Die dreiteilige Reihe zum Thema Ernährung zooxantheller LPS und SPS Korallen haben wir aufgrund der vielen Fragen per Mail noch mal zusammengefasst. Wir würden uns freuen, Eure Erfahrung in den Kommentaren zu erfahren!
Grundlagen der Ernährung von Steinkorallen
Steinkorallen leben mit Ausnahme einiger azooxantheller Tiere in erster Linie vom Sonnenlicht. Dazu implementieren die meist im Flachwasser lebenden Korallen einzellige Symbiosealgen in ihre Struktur, die wiederum Photosynthese betreiben. Den dabei entstehenden Zucker nutzen die Korallen anschließend als Energiequelle.
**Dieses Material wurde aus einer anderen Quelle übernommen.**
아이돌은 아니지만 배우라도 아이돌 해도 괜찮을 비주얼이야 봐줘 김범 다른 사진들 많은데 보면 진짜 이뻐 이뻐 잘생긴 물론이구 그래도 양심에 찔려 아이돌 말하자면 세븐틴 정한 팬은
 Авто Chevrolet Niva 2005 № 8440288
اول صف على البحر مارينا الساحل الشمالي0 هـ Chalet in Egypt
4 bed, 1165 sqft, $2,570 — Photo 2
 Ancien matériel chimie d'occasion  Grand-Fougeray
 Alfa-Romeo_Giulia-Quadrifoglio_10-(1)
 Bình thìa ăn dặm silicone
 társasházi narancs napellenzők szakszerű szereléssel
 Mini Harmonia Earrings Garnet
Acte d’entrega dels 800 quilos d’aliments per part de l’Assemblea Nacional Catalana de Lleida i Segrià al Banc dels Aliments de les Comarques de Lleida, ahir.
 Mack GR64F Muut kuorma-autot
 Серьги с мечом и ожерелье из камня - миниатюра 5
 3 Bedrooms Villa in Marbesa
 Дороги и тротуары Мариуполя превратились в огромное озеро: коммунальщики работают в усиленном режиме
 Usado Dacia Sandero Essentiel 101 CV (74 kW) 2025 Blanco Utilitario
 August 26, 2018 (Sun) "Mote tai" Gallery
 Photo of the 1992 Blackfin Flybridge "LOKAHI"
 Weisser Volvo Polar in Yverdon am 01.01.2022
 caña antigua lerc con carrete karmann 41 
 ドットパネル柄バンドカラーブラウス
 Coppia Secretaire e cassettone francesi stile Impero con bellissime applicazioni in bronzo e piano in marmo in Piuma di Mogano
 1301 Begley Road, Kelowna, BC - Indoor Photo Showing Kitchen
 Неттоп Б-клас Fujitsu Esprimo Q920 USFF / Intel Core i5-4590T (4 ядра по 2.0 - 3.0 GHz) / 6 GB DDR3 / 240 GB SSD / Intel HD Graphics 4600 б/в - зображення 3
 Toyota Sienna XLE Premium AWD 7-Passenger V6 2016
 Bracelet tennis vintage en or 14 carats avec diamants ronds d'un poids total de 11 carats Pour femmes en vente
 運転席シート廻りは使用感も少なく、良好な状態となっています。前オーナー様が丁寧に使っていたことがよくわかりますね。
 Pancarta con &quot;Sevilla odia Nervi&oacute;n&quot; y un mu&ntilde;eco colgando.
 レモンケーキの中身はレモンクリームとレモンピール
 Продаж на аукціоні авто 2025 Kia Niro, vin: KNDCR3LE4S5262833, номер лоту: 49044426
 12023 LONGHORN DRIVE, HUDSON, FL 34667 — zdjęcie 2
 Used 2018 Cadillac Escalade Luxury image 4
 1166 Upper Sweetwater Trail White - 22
Nun kommen die Korallen in ihrer natürlichen Umgebung in hauptsächlich sehr nährstoffarmem Wasser vor. Die eingelagerten Symbiosealgen benötigen zum Überleben jedoch auch etwas höhere Nitrat und Phosphatwerte, also grundsätzlich verfügbare Nährstoffe. Also hat sich die im Laufe der Jahrmillionen eine zweite Energiequelle für die Korallenpolypen herausgestellt: Sie können mittels ihrer Fangarme aktiv Beute machen. Das ist meist Mikro- und Zooplankton.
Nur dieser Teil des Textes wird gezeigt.